#### PROBLEM STATEMENT
Whatever lies between the line that holds "brunoise. Em bom" and the final line of the records below, both included, should be repeated exactly; leave out the pictures and add nothing.

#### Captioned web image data
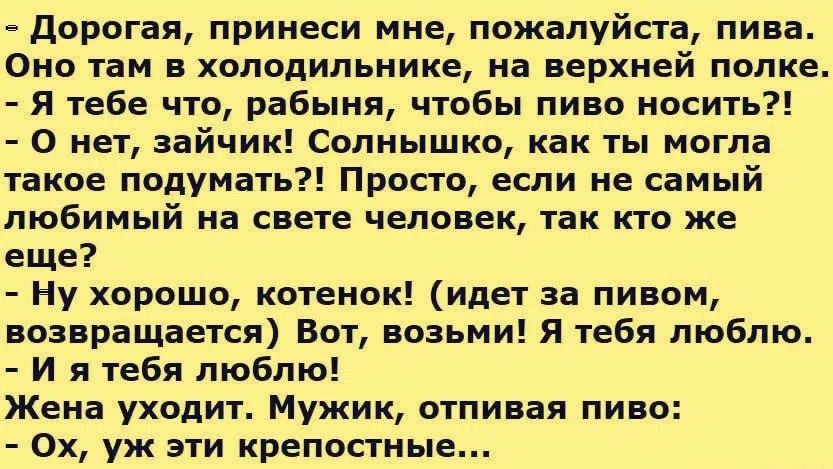 Дорогая, принеси мне, пожалуйста, пива. Оно там в холодильнике, на верхней полке. - Я тебе что, рабыня, чтобы пиво носить?! - О нет, зайчик! Солнышко, как ты могла такое подумать?! Просто, если не самый любимый на свете человек, так кто же еще? - Ну хорошо, котенок! (идет за пивом, возвращается) Вот, возьми! Я тебя люблю. - И я тебя люблю! Жена ухо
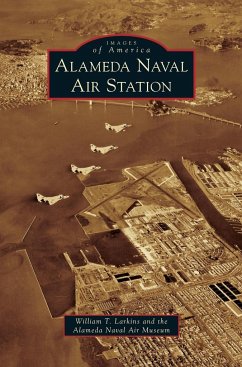Alameda Naval Air Station - Larkins, William T.; Alameda Naval Air Museum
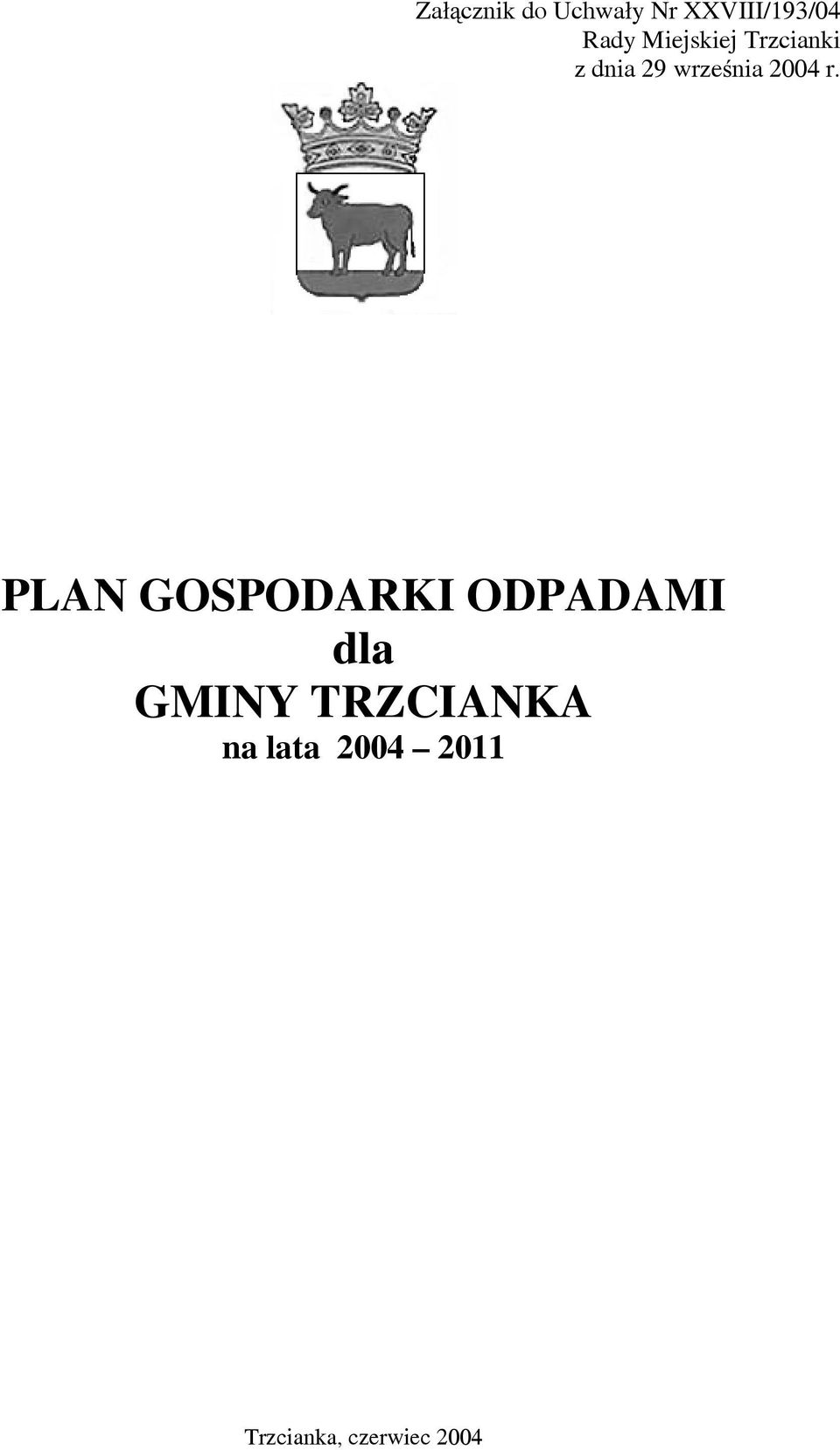 r. PLAN GOSPODARKI ODPADAMI dla GMINY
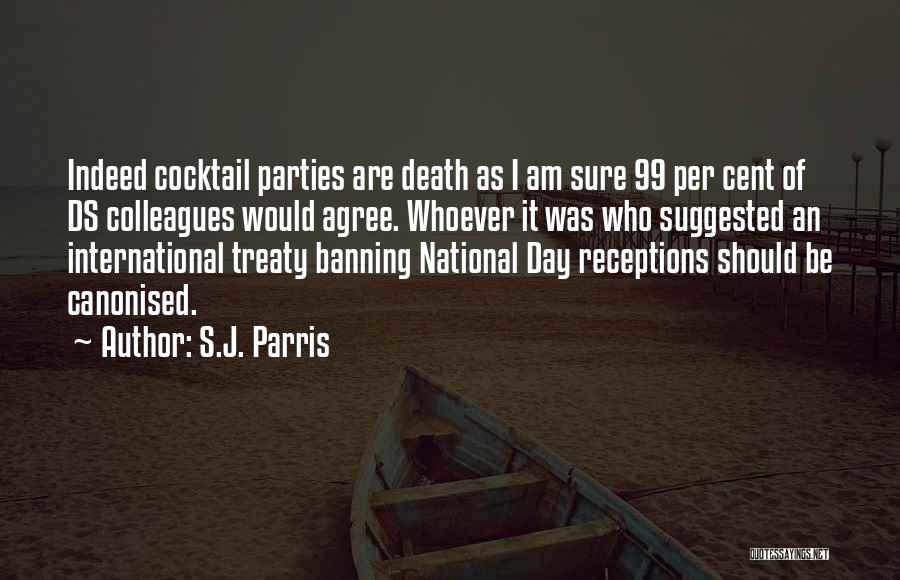 S.J. Parris Quotes: Indeed Cocktail Parties Are Death As I Am Sure 99 Per Cent Of Ds Colleagues Would Agree. Whoever It Was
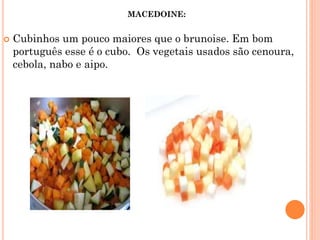  Cubinhos um pouco maiores que o brunoise. Em bom
português esse é o cubo. Os vegetais usados são cenoura,
cebola, nabo e aipo.
MACEDOINE:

#### OUTPUT FOR THIS EXERCISE
  Cubinhos um pouco maiores que o brunoise. Em bom
português esse é o cubo. Os vegetais usados são cenoura,
cebola, nabo e aipo.
MACEDOINE:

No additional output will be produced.